Everyday Fictions

Writing by Adam Golub

To the Bookstore

You visited your first bookstore and this brings us much joy. Your eyes were closed for most of it, but still—you were among the walls of shelves and the many bookcases and the piles of books on tables. As we wheeled you up and down the rows of fiction, I hoped you might smell the pages. I hoped you might feel the hum and buzz of all those words and thoughts, so electric in the air. Your mother and I perused and wandered, enchanted. We filled our arms with books. We brought them all to a table. Mom got a coffee from the café and we read while you dozed in your stroller. We took in the first words of each story and made hard choices and daydreamed about summer reading plans. We stayed an hour or more. Sometimes you smiled in your sleep. At last we left, with Elizabeth Strout and Grace D. Li and Una Mannion and Elena Ferrante and Taylor Jenkins Reid. It’s not that we don’t have enough books at home—we do, and then some. But there’s something about choosing new books for a summer just unfolding. Carrying them through the front door after an afternoon out, feeling their heft, their promise, their allure, and setting them down gently on the table by the couch. A book is a journey, an escape, an education, a meditation. It offers a chance to encounter beauty, to peer into yourself, to expand your world. It offers a chance to revel in artistry and story and character and place, and the pleasure of knowing you carved out a moment in your day to simply read. For me and for your mom, books are a way of living.  

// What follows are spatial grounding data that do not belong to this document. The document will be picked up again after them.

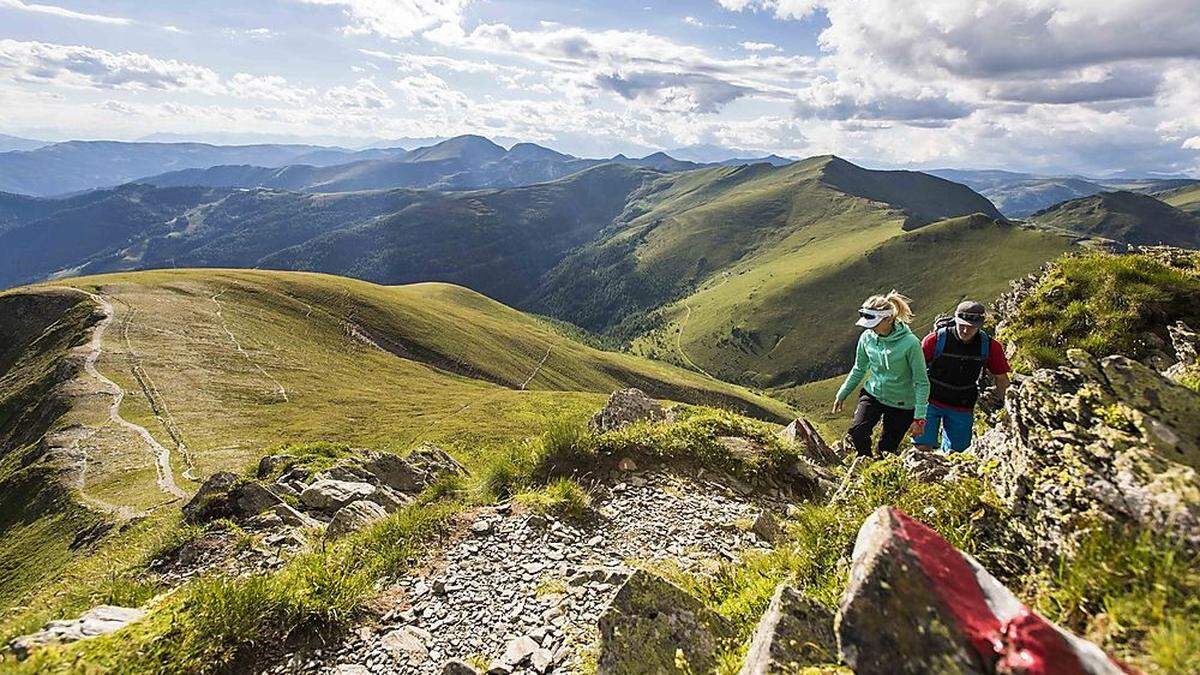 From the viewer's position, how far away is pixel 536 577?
8938mm

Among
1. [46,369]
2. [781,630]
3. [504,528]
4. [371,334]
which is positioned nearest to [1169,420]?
[781,630]

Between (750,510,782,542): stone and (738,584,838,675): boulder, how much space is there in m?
4.95

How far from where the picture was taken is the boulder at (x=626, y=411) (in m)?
18.6

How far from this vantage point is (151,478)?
4244 centimetres

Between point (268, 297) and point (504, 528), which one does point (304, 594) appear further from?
point (268, 297)

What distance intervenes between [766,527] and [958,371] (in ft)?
17.2

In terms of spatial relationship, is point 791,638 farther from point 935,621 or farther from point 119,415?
point 119,415

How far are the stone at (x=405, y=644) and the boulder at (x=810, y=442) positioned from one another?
10.9 m

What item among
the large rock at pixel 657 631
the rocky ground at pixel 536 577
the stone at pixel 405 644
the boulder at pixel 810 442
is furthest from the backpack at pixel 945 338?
the stone at pixel 405 644

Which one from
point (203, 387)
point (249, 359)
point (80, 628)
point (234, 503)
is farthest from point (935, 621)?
point (249, 359)

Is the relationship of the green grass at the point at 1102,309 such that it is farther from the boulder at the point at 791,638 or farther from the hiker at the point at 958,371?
the boulder at the point at 791,638

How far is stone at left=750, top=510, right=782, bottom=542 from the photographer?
10016 millimetres

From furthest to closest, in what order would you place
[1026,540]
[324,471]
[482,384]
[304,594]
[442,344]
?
1. [442,344]
2. [482,384]
3. [324,471]
4. [304,594]
5. [1026,540]

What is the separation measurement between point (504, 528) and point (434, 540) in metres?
1.27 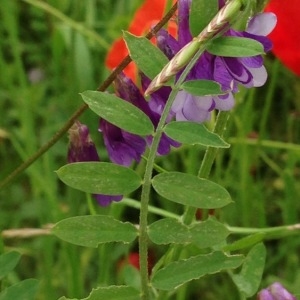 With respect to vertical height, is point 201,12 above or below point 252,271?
above

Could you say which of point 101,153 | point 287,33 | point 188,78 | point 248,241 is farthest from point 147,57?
point 101,153

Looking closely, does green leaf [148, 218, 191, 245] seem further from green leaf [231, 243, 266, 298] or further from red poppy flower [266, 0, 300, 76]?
red poppy flower [266, 0, 300, 76]

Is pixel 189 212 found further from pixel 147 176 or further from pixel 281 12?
pixel 281 12

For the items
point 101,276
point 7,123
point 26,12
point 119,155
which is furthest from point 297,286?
point 26,12

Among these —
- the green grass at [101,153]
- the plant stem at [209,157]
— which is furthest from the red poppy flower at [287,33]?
the plant stem at [209,157]

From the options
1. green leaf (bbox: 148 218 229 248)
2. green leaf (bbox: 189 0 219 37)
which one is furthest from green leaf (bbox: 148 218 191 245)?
green leaf (bbox: 189 0 219 37)

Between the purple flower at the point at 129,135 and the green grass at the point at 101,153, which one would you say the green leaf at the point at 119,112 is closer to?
the purple flower at the point at 129,135

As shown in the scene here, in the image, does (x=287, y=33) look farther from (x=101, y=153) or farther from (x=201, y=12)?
(x=101, y=153) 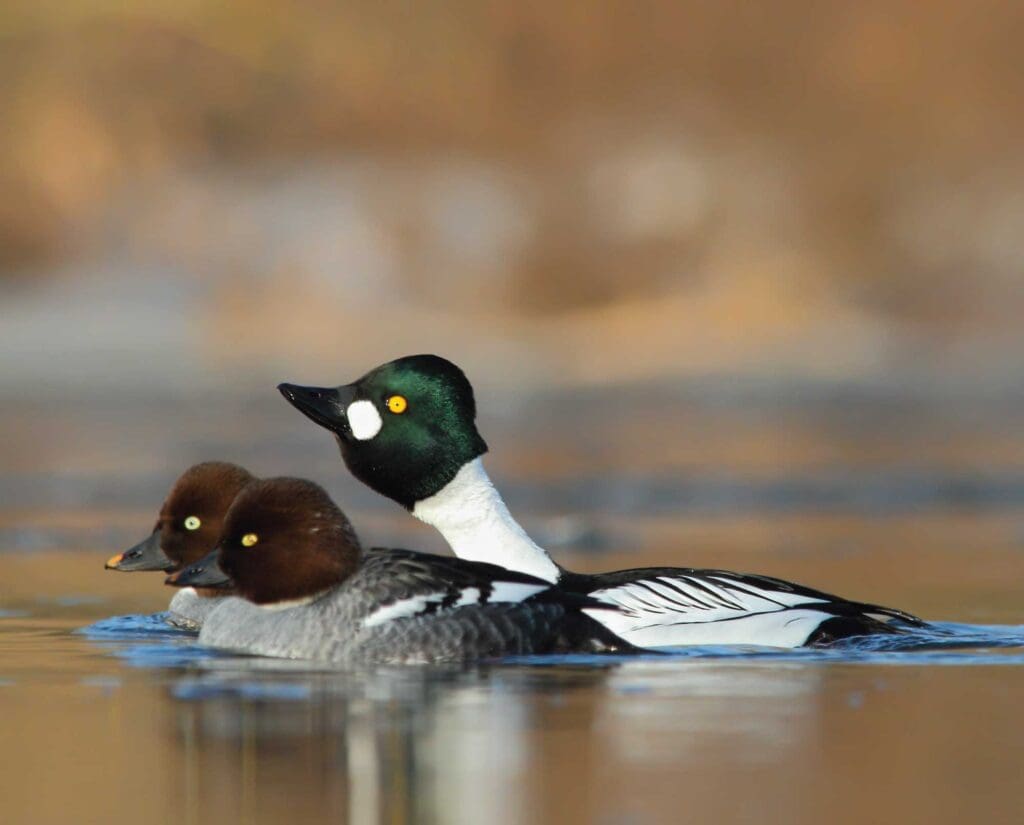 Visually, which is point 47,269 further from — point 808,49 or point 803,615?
point 803,615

The next morning we woke up and mom made a big pot of coffee and I cooked her a butternut squash avocado omelette and we lay feet to feet on the couch and read our new books. Apricot sprawled on my lap and you stretched out in the baby lounger on the coffee table next to us. That morning you turned 12 weeks old and you weighed eleven pounds. You’ve been smiling more than ever before. Your coos have been sweetly melodic. It was the Sunday of a long weekend and it was a great new day.